Non è cosa da tutti pubblicare il proprio disco d’esordio su Monkeytown (l’etichetta dei Modeselektor, quella su cui sono usciti tutti gli album dei Moderat, per capirci), e a colpire ancor di più è che gli artisti in questione siano tre sbarbatelli berlinesi. Non fatevi ingannare dalle apparenze, però, perché i Fjaak sanno il fatto loro: tra il forte legame sonoro con la madrepatria Germania e sapienti manipolazioni di macchine analogiche, il talento del trio emerge nei crudi ma ricercati interstizi percussivi che tanto devono alla techno anni ’90.

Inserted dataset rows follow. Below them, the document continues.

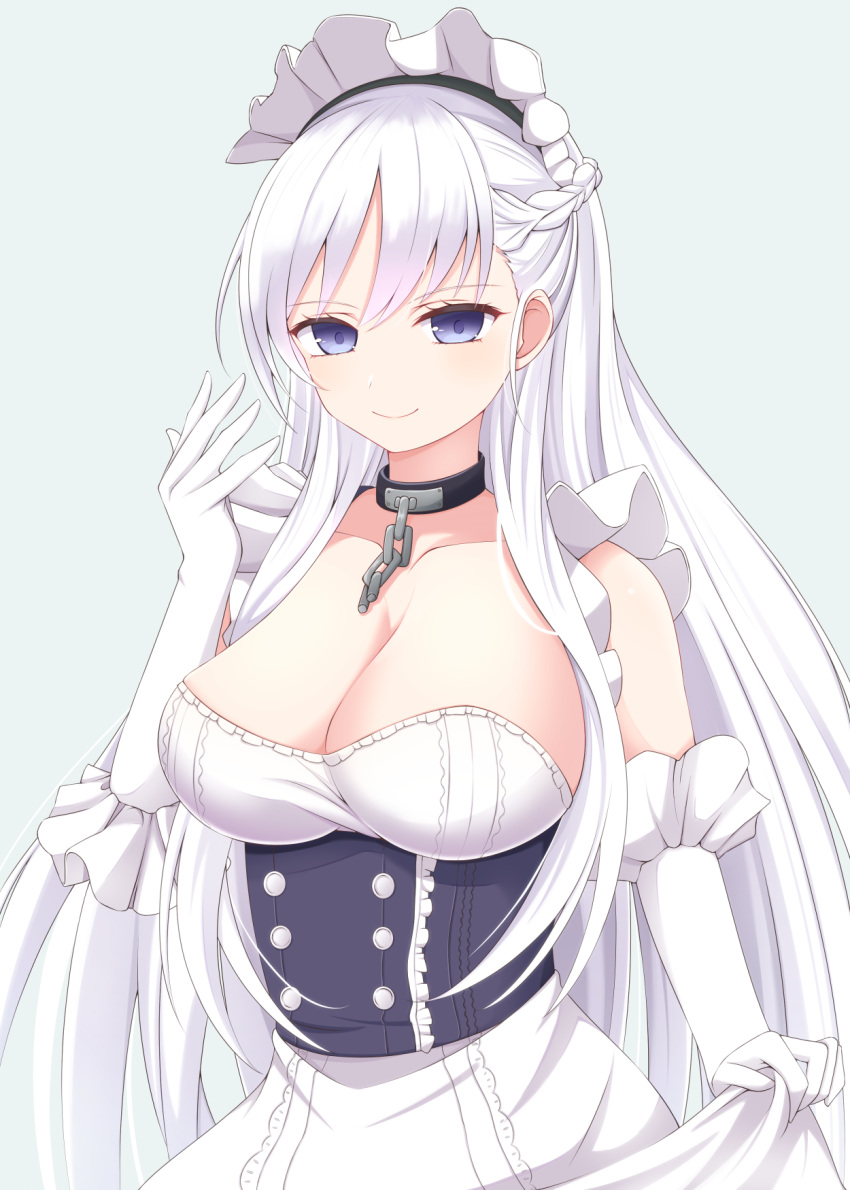 1girl azur_lane belfast_(azur_lane) blue_eyes breasts cleavage dress elbow_gloves gloves highres large_breasts long_hair looking_at_viewer maid_headdress skirt_hold smile solo suzunashi_rei very_long_hair white_background white_dress white_gloves white_hair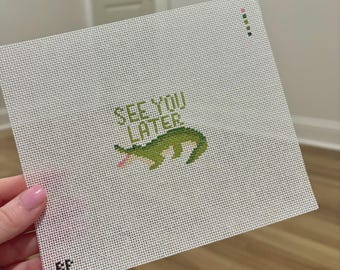 Hand Painted See You Later Alligator Needlepoint Canvas, 18 Mesh Needlepoint Canvas, Travel Tag, Luggage Tag
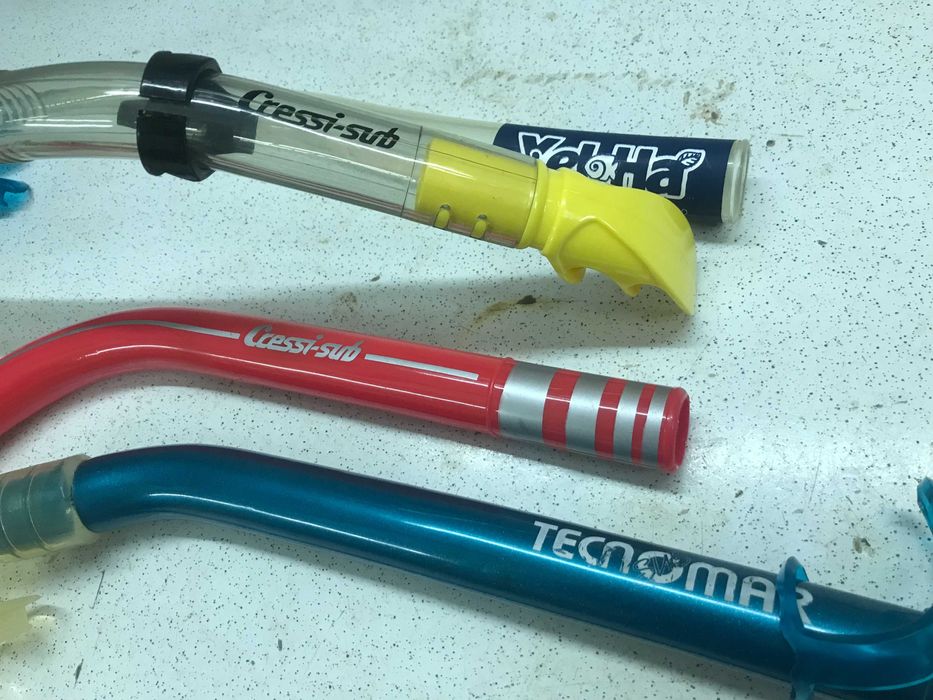 TUBOS e MASCARAS SNORKEL MERGULHO CAÇA SUB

Spnd Ballet e Sixteen Levels hanno il compito di aprire l’omonimo lavoro tra synth eterei e beat spezzati di ottima fattura che però non fanno ancora danzare. Ci pensa Wolves, primo singolo estratto, a infuocare il dancefloor con melodie tagliate al minimo e una 909 spinta all’estremo, proprio come era tradizione un paio di decenni fa. Sullo stesso trend da clubbing tirato c’è la pregevolissima doppietta dal titolo teutonico, e non a caso date le sonorità dei pezzi: Das Programm e Gewerbe 15. Nella prima, melodie robotiche e arpeggiatori ipnotici cercano spazio su violenti quattro quarti scanditi da kick e snare che colpiscono dritti al petto; nella seconda, rincorse soniche dal vago retrogusto sinistro sono spezzate da un basso e da piatti gradevolmente molesti, dove a dominare la scena è però sempre e comunque la cassa, come il galateo della techno richiede.
Tomorrow è una piacevole parentesi ambient, e molto azzeccata è anche la scelta di inserire sul formato fisico Against The Clock, traccia figlia dell’omonima serie dedicata di FACT magazine a cui i tre hanno partecipato.

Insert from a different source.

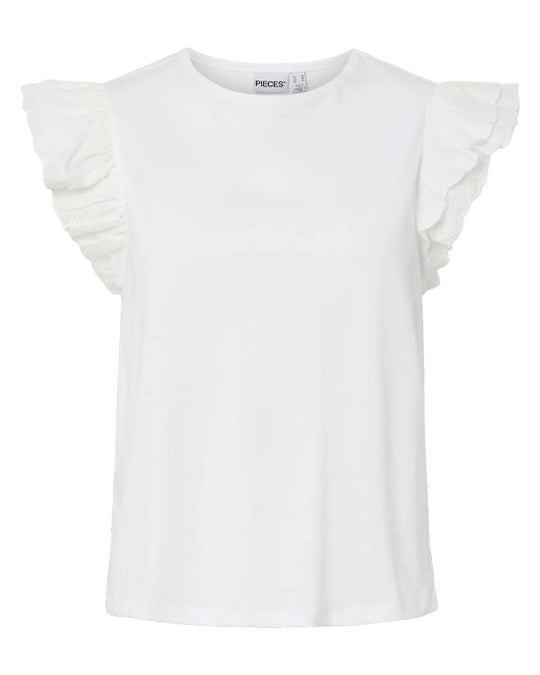 Pandria Embroidery Short Sleeve Cotton Tee White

Uscire su Monkeytown ha poi un buon vantaggio: i featuring altolocati. Offline con Rødhåd è una nenia delineata da rintocchi oscuri e un beat ossessivo, un paio di loop pregiati che però, purtroppo, non decollano mai, lasciandoci lì con un senso di triste incompiutezza. Non poteva mancare anche una collaborazione con i padrini Modeselektor: Fjkslktr ripropone quei beat che per tutto l’ascolto si sono fatti apprezzare intersecandoli a glitch violenti e synth più marcati, per una volta, protagonisti.

Non fatevi ingannare dalle apparenze, di nuovo, perché Fjaak è un debut solido, coeso, riuscito. Di tanto in tanto qualche intreccio melodico più sofisticato avrebbe giovato all’ascolto, ma è innegabile che il disco sia costellato di dancefloor bangers. Se è palese che il trio prenda molto in prestito dalla storia della musica di genere, è pur vero che riesca anche a rimettere il tutto in gioco oggi, con una cura sonora che denota una grande maturità artistica e che fa ben sperare per il futuro.